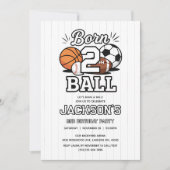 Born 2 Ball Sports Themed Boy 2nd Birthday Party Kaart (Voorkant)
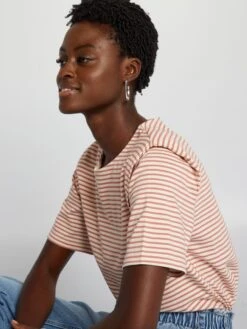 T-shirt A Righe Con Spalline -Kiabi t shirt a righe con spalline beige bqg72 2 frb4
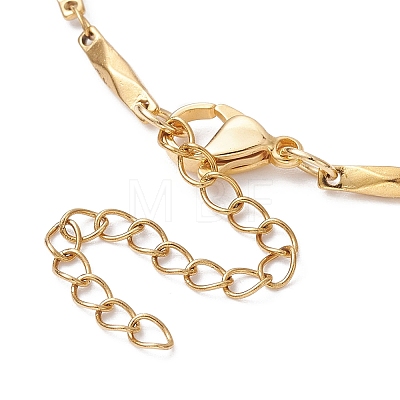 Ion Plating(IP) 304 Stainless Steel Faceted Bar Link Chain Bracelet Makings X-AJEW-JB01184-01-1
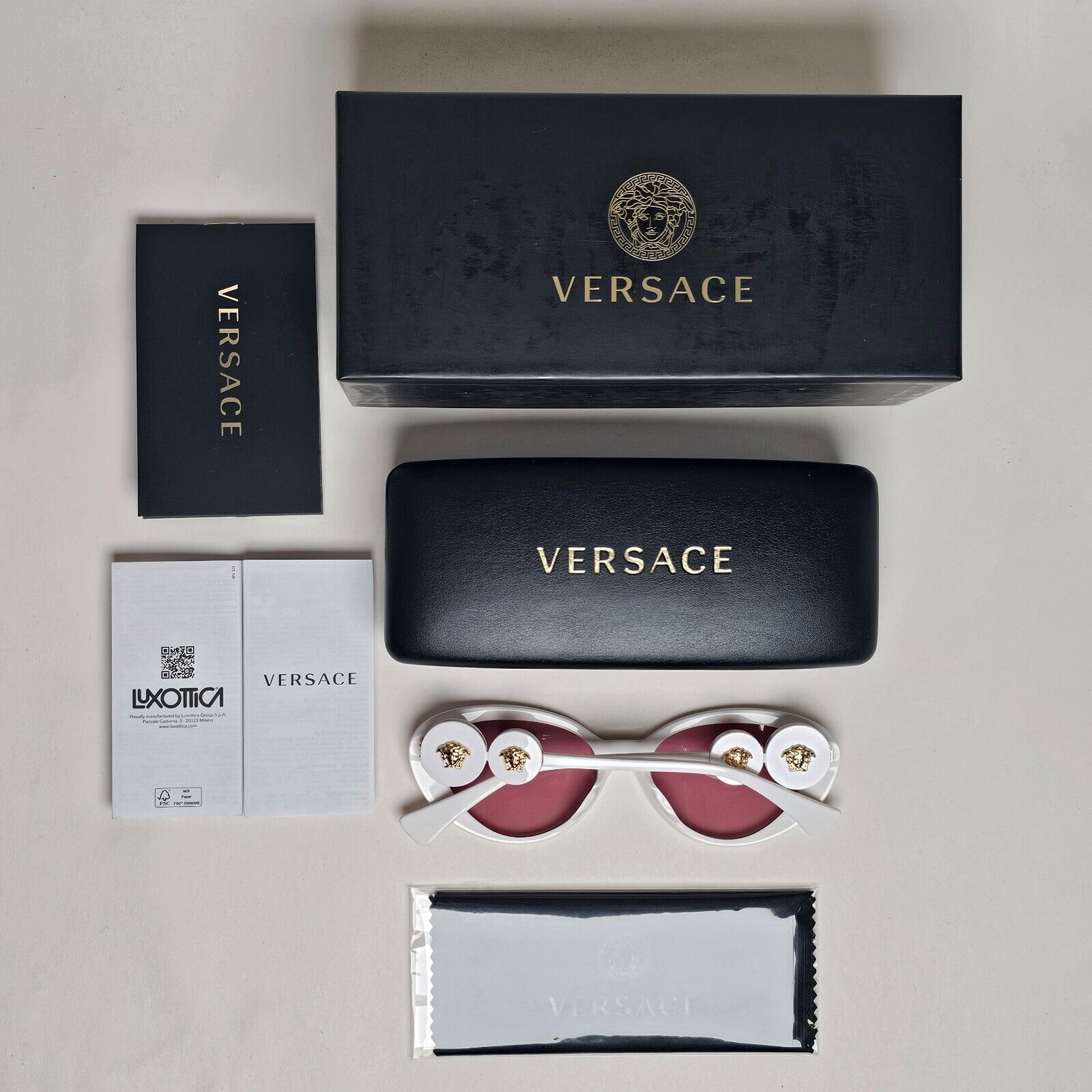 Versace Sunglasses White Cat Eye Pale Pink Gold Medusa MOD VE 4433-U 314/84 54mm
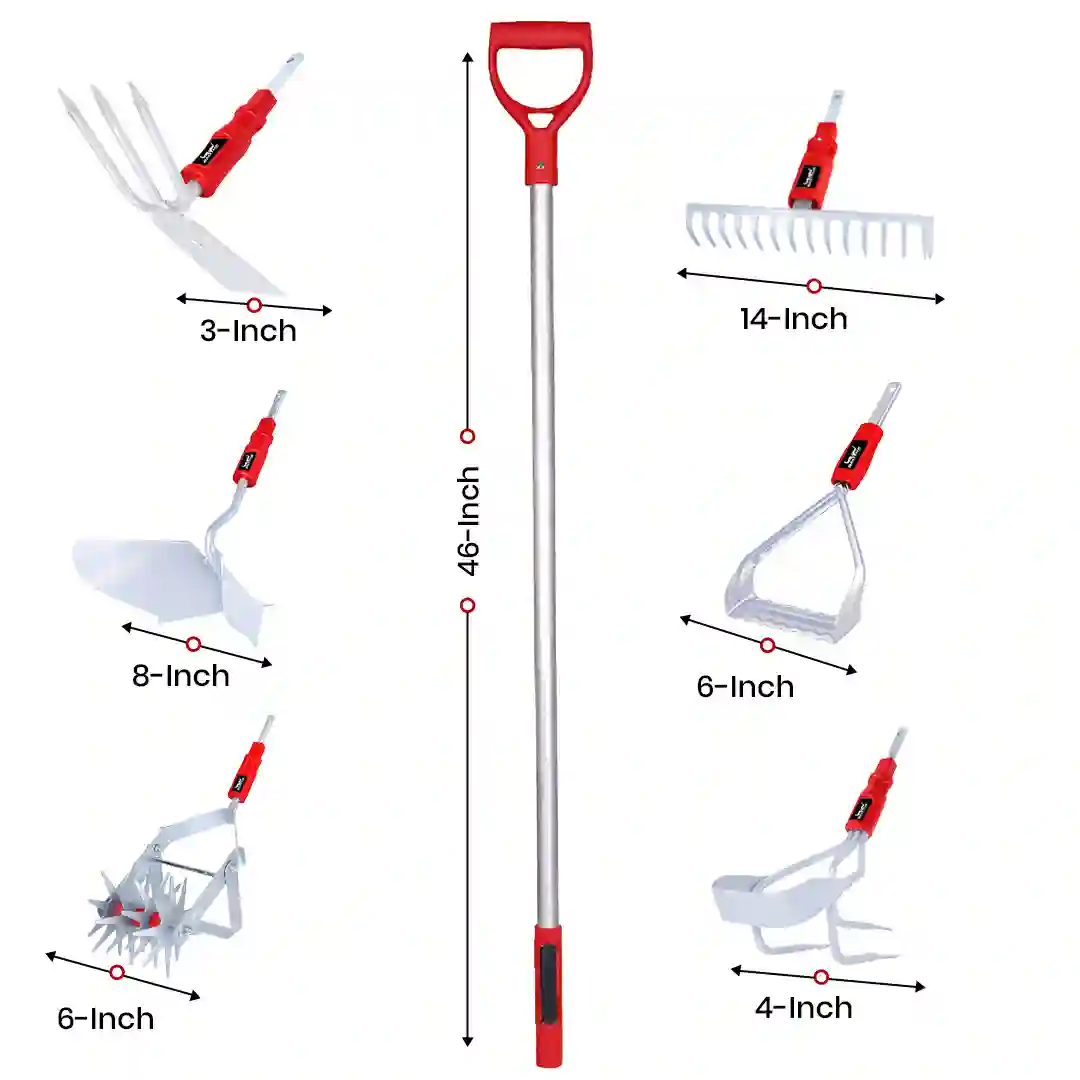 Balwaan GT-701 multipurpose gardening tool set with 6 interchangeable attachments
---
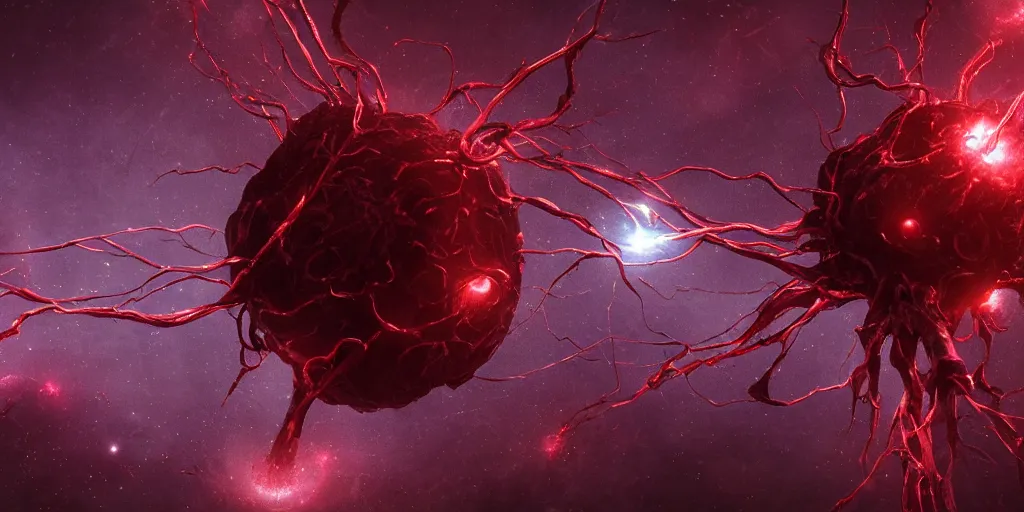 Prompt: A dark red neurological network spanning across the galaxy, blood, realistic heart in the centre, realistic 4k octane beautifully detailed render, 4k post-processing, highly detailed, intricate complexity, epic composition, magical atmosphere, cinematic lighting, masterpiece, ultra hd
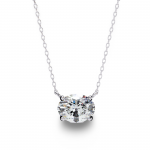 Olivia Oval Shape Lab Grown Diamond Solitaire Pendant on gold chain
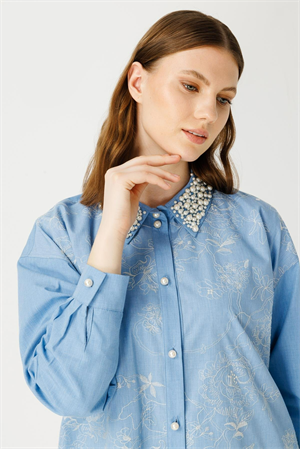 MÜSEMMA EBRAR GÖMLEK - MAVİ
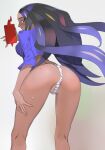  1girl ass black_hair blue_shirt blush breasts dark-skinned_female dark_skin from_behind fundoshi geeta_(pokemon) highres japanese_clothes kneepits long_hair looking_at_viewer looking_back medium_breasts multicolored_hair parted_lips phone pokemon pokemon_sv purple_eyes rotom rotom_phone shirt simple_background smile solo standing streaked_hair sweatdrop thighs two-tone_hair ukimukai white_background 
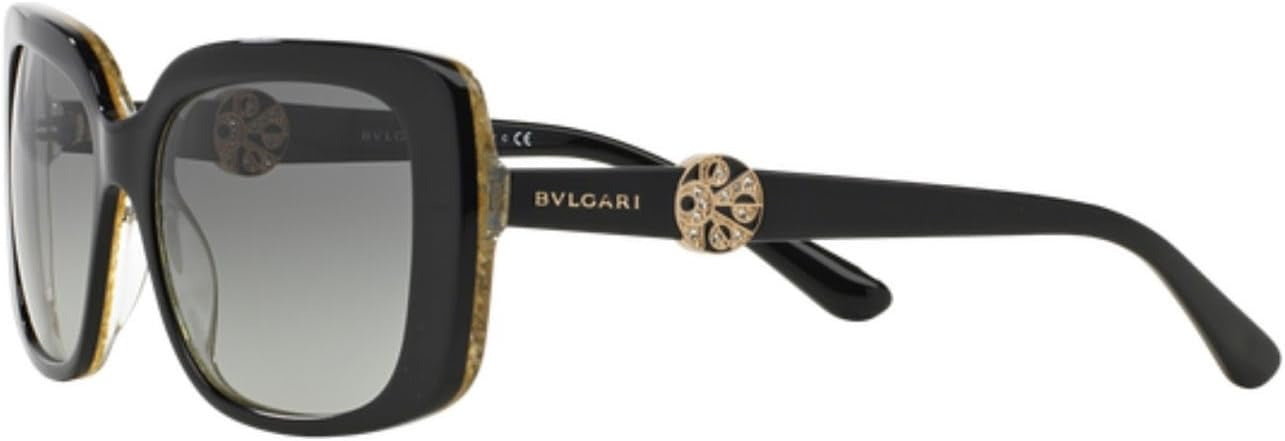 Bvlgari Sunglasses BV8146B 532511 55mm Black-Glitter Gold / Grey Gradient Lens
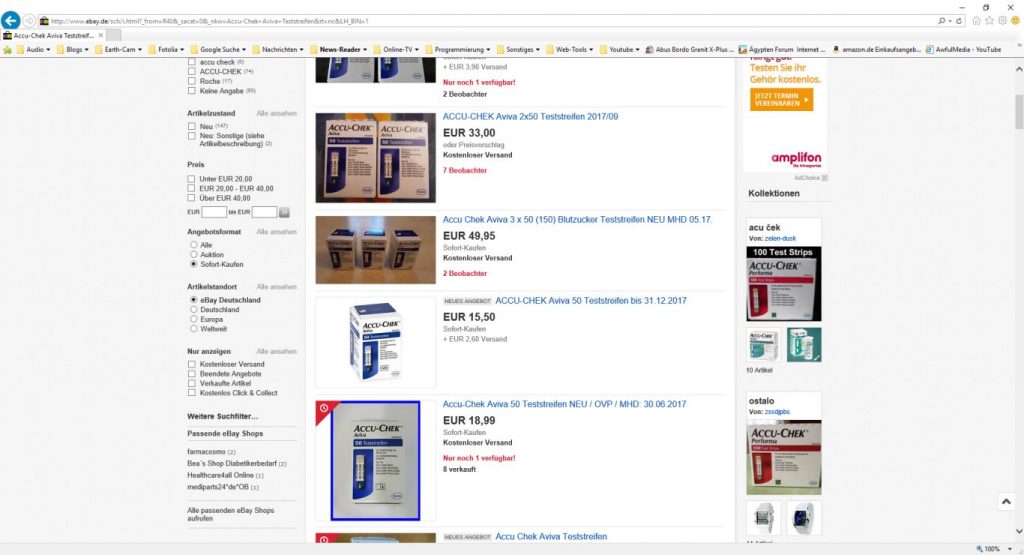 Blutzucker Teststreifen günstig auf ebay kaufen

Assignment
In the entries above, every line from the line with "Bvlgari Sunglasses BV8146B" to the line with "Blutzucker Teststreifen günstig" is to be printed exactly, with both ends included and pictures excluded.

Response area
 Bvlgari Sunglasses BV8146B 532511 55mm Black-Glitter Gold / Grey Gradient Lens
 Blutzucker Teststreifen günstig auf ebay kaufen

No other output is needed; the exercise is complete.